### AIM OF THE EXERCISE
Keep images out and repeat all data exactly.

Items from a data source:

"""

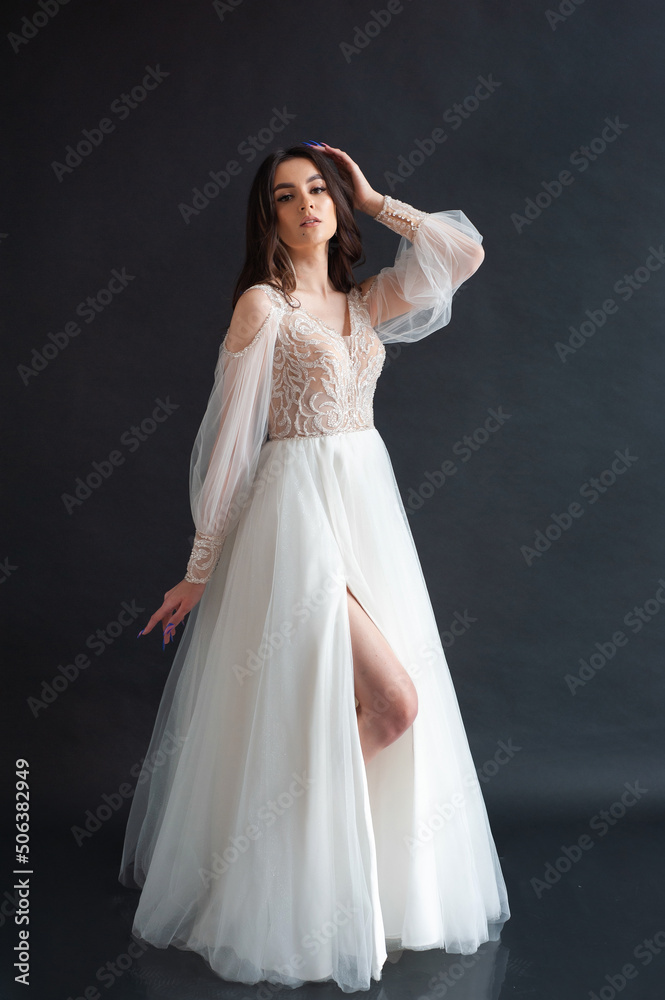 Beautiful bride perfect style. Wedding hairstyle make-up luxury wedding dress Beautiful bride perfect style. Wedding hairstyle make-up luxury wedding dress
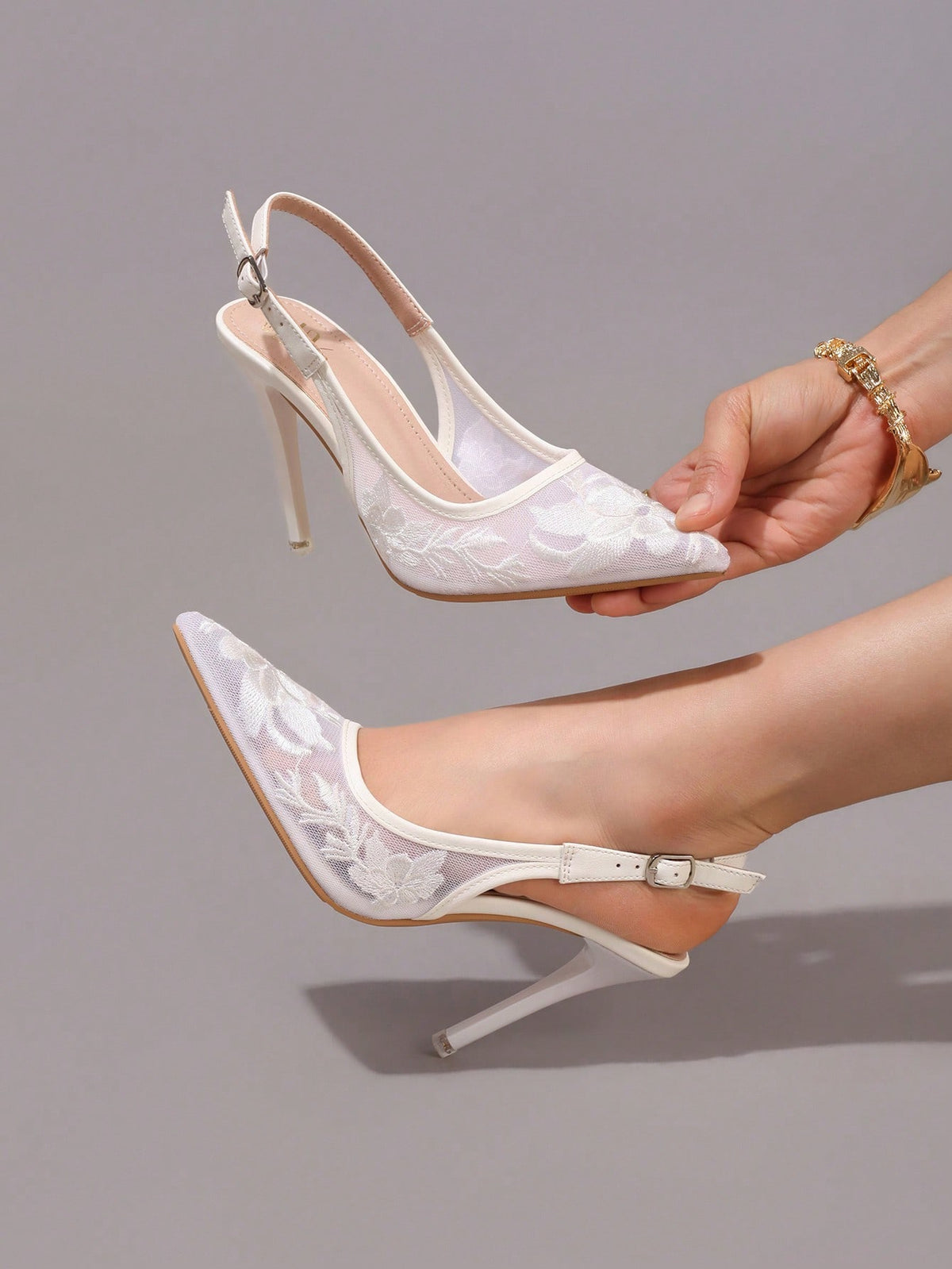 Lace embroidered high heels with thin stiletto heel, pointed toe, rhinestone embellishments, and ankle strap buckle closure.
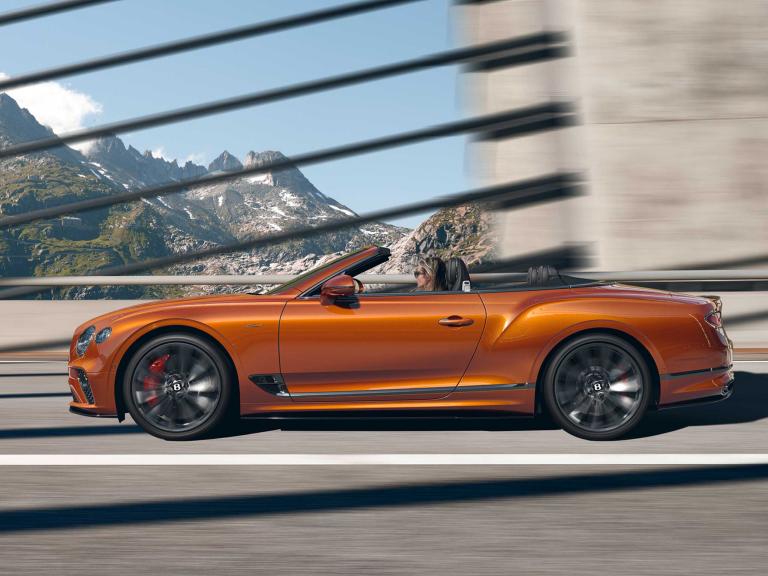Side view of Bentley Continental GTC Speed in Orange Flame with roof down driving on a highway.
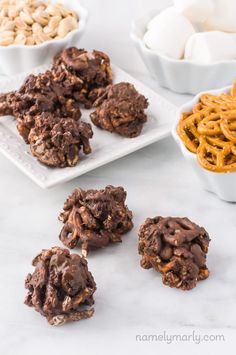 chocolate cookies, pretzels and other snacks are on the counter top next to bowls of cereal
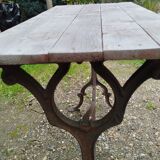 Antique bistro table with iron legs and wooden top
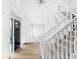 Grand foyer with a soaring ceiling, staircase with white banister, and elegant front door at 12878 Mayfair Ln, Carmel, IN 46032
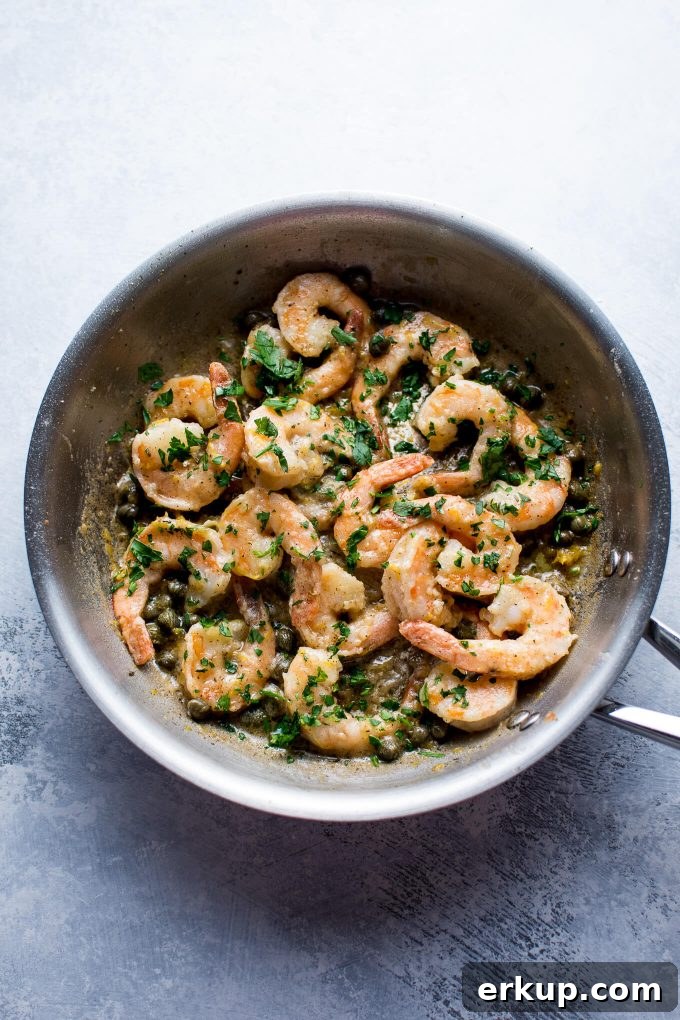 30-Minute Shrimp Piccata with Lemon Caper Sauce 3 metal skillet with shrimp, lemon, butter, and capers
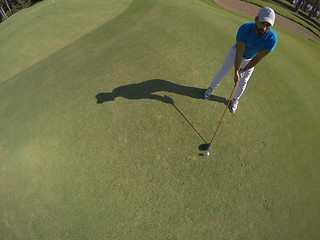 Image showing top view of golf player hitting shot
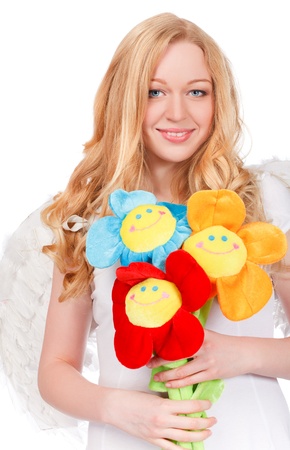 portrait of pretty smiling woman with funny artificial flowersの写真素材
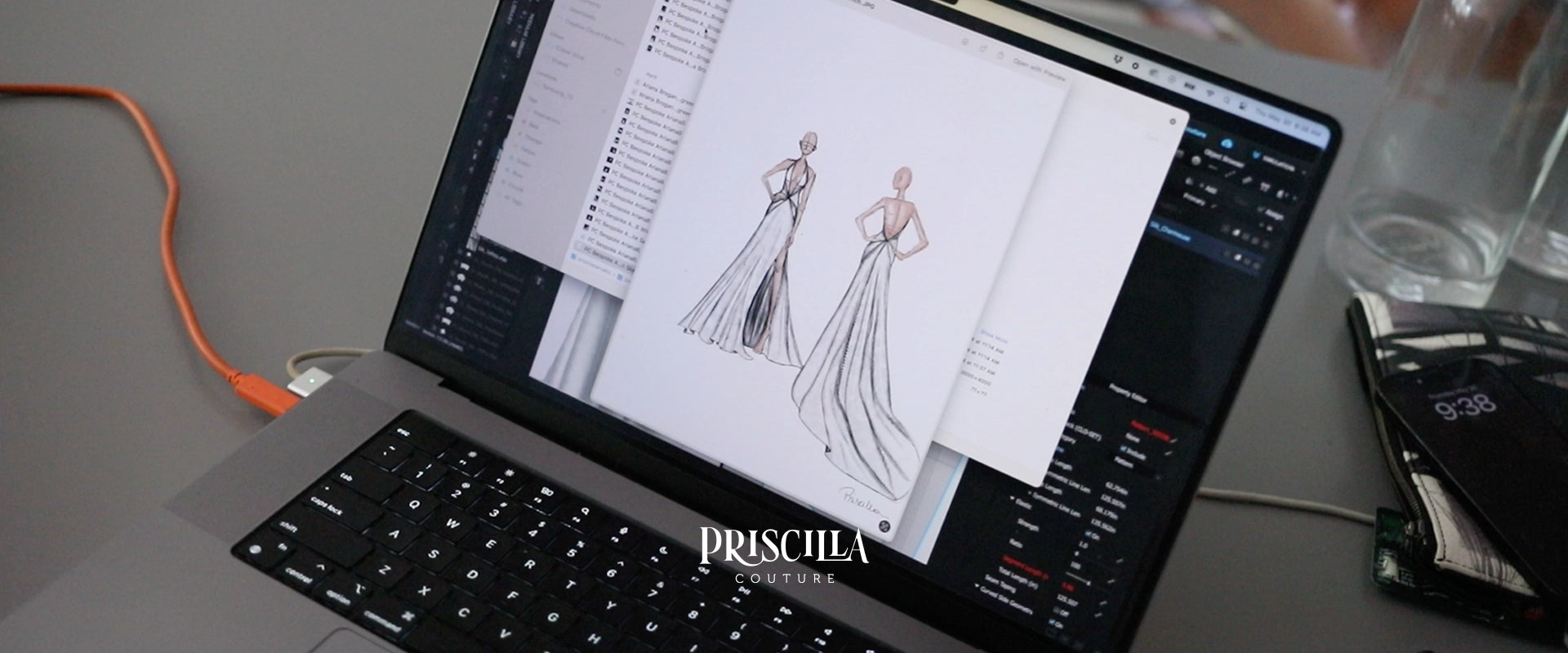 A laptop on a desk showing a fashion design sketch by Priscilla Couture of a long wedding gown on the screen, with an orange cable connected on the left and a glass bottle on the right.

"""

### ANSWER SPACE
 Beautiful bride perfect style. Wedding hairstyle make-up luxury wedding dress Beautiful bride perfect style. Wedding hairstyle make-up luxury wedding dress
 Lace embroidered high heels with thin stiletto heel, pointed toe, rhinestone embellishments, and ankle strap buckle closure.
Side view of Bentley Continental GTC Speed in Orange Flame with roof down driving on a highway.
 chocolate cookies, pretzels and other snacks are on the counter top next to bowls of cereal
 Antique bistro table with iron legs and wooden top
 Grand foyer with a soaring ceiling, staircase with white banister, and elegant front door at 12878 Mayfair Ln, Carmel, IN 46032
 30-Minute Shrimp Piccata with Lemon Caper Sauce 3 metal skillet with shrimp, lemon, butter, and capers
 Image showing top view of golf player hitting shot
 portrait of pretty smiling woman with funny artificial flowersの写真素材
 A laptop on a desk showing a fashion design sketch by Priscilla Couture of a long wedding gown on the screen, with an orange cable connected on the left and a glass bottle on the right.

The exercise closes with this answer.